### DATASET EXTRACT:
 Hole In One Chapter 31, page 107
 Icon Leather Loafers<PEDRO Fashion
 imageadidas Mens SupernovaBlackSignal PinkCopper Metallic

### YOUR OBJECTIVE:
This exercise calls for repeating every line of the data exactly.

### RESPONSE TO THIS EXERCISE:
 Hole In One Chapter 31, page 107
 Icon Leather Loafers<PEDRO Fashion
 imageadidas Mens SupernovaBlackSignal PinkCopper Metallic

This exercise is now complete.